Current economic and personal problems within the United States have some Castleton State College students very concerned about getting involved in the crisis in Syria. On the whole, students are primarily opposed to any sort of intervention by the U.S. government into the country embroiled in a civil war.
“It’s not our place to intervene,” said Castleton’s Stanti Schonbachler. “If we do this Americans will die, and I don’t want to see more Americans die.”
Sophomore Max Louis agreed with Schonbachler and said the U.S. should not intervene.
“I think we should stay away for now and work on fixing our country. I think the UN should intervene, but not the U.S. when our country is doing so bad,” Louis said.
Junior Mikaela Poley said we should remain on our own soil – unless the situation changes.
“We shouldn’t go into war unless things turn for the worst,” she said.
It is unclear exactly what will happen in the next year regarding the Middle East conflict, but there are a few dates that can ultimately determine the outcomes.

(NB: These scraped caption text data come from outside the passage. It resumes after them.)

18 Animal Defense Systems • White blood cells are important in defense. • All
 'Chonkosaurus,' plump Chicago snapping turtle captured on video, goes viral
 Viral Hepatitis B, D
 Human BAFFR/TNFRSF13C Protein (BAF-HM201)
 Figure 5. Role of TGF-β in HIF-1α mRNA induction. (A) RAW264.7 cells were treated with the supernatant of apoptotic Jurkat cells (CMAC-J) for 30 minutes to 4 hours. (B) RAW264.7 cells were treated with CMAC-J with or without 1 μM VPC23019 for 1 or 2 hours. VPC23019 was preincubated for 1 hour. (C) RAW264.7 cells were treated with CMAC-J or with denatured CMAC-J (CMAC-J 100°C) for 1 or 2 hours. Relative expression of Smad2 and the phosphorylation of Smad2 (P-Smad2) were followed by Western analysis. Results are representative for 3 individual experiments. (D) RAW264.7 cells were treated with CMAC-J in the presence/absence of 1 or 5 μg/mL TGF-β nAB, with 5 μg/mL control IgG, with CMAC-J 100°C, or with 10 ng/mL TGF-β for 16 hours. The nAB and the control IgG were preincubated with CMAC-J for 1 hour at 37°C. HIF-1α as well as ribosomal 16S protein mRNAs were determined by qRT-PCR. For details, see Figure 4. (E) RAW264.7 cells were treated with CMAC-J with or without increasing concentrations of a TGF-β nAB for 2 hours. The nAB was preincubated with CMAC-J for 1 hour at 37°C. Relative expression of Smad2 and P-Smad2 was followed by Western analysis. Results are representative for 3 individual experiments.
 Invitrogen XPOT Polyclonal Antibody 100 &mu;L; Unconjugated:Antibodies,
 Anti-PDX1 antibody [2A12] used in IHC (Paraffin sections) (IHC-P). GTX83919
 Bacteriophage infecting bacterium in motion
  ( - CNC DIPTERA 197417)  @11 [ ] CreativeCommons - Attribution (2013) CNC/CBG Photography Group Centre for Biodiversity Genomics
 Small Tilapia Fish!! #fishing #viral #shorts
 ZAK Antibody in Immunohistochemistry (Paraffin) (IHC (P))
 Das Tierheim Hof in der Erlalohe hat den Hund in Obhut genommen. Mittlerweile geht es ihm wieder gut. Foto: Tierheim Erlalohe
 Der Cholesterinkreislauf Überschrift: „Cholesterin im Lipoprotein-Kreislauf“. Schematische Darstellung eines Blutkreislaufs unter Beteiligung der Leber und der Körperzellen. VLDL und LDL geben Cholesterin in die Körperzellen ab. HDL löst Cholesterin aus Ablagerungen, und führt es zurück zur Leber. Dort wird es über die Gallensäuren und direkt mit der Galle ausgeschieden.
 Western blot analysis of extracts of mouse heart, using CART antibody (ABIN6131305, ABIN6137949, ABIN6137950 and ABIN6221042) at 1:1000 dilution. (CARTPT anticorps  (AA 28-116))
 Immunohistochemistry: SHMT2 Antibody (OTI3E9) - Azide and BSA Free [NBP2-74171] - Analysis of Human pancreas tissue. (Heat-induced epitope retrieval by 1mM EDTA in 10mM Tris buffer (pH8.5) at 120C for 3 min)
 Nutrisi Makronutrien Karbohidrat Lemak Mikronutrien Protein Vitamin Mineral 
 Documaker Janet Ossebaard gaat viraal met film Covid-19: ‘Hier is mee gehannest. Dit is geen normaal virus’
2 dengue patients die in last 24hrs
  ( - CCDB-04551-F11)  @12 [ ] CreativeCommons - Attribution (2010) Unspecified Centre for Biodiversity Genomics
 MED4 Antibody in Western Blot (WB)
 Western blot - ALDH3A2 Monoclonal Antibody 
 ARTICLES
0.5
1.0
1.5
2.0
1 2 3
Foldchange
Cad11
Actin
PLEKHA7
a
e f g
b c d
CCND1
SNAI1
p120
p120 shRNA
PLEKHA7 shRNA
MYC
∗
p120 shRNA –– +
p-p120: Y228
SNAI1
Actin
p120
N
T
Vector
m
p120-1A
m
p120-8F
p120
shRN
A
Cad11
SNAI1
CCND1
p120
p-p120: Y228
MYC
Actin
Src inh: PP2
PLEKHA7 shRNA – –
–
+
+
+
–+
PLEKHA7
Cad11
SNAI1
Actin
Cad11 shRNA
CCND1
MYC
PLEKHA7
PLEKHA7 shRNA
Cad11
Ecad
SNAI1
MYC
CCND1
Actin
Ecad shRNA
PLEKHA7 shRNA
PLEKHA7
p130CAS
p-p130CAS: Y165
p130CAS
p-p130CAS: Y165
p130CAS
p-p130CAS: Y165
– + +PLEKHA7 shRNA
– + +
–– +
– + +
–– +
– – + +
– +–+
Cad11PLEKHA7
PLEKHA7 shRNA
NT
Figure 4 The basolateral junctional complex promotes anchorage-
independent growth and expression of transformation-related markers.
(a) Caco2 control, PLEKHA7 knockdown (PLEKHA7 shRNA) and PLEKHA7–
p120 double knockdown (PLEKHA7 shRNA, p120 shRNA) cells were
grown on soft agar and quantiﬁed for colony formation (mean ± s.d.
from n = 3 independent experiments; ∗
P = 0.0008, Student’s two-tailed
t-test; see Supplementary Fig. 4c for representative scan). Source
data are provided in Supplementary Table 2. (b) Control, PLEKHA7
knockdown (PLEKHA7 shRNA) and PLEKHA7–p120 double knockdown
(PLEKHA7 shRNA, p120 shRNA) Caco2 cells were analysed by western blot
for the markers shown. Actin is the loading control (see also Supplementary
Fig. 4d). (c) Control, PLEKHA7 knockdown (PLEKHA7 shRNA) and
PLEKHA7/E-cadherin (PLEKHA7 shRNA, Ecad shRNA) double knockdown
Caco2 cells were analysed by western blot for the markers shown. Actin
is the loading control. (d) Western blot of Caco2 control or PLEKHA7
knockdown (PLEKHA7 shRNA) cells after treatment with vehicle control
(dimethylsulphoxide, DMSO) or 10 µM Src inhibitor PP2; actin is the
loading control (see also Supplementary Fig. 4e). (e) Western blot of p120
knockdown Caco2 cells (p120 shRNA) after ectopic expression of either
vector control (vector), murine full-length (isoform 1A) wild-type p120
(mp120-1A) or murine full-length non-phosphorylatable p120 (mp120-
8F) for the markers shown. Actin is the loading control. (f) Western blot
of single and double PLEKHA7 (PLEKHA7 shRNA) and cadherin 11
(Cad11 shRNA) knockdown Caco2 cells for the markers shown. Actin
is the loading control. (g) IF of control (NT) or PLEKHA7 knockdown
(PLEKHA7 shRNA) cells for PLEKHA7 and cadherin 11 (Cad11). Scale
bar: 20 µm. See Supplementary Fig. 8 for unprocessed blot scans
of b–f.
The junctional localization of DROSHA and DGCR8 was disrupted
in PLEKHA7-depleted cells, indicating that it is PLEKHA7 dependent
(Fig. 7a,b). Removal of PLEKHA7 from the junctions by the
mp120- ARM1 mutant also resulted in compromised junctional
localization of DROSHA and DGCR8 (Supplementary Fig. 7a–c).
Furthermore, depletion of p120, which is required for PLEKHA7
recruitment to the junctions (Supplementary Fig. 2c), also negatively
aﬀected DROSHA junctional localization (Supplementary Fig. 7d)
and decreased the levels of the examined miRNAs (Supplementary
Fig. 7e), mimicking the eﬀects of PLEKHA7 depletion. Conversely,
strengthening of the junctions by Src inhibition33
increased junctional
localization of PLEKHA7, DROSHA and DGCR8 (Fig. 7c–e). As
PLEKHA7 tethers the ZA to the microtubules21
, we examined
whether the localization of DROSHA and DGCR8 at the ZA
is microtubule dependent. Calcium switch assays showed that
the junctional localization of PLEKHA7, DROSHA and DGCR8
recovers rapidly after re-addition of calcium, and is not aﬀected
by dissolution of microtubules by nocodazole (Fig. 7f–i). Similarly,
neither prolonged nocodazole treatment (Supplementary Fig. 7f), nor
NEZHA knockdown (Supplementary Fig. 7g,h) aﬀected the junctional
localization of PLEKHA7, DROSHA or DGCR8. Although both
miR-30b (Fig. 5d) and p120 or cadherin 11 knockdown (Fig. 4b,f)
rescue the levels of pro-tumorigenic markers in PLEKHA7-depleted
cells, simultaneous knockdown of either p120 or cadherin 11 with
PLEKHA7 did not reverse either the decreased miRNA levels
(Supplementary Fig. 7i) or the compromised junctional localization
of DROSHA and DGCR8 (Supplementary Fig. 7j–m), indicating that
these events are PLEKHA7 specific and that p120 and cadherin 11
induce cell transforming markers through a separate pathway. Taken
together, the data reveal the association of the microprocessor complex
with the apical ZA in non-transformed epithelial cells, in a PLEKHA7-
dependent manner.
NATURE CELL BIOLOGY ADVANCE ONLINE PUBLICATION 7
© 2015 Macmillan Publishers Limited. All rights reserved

Two crucial steps, both happening in November, will greatly impact the entire situation. The first is a complete initial on-site inspection for all chemical weapons. The second would be the complete destruction of production and mixing equipment.
Professor Melisse Pinto of the Castleton State College Political Science Department, is a strong advocate for diplomatic measures who cautioned that Syria’s President Basha al-Assad could be the “lesser of two evils.”
There is, however, a controversial third step, which would give Assad until mid-way through 2014 to have all chemical weapons completely destroyed. This is unfavorable among the Syrian rebels as well as some Castleton students.
The opinion shared by Syrian rebels and Castleton students is that prolonging the situation is a problem. It would give Assad well more than six months to plan and mislead opposing groups into thinking all is taken care of when in fact the chemical weapons could be hidden.
Though most everyone doesn’t want to see an intervention into Syria lead to another war, others say it’s more complicated than a simple “yay” or “nay” in the political sphere.
“It’s a complicated situation,” said political science professor Rich Clark.
“The diplomatic track is where everyone wants to go,” said Clark. “We know Assad is a problem for us in the future, especially with speculation of Al Qaeda influence among the Syrian rebels.”
As the situation unfolds, Castleton’s opinion reflects that President Barack Obama’s already negative approval rating could take another dip if there is a decision to take “necessary force” for international security.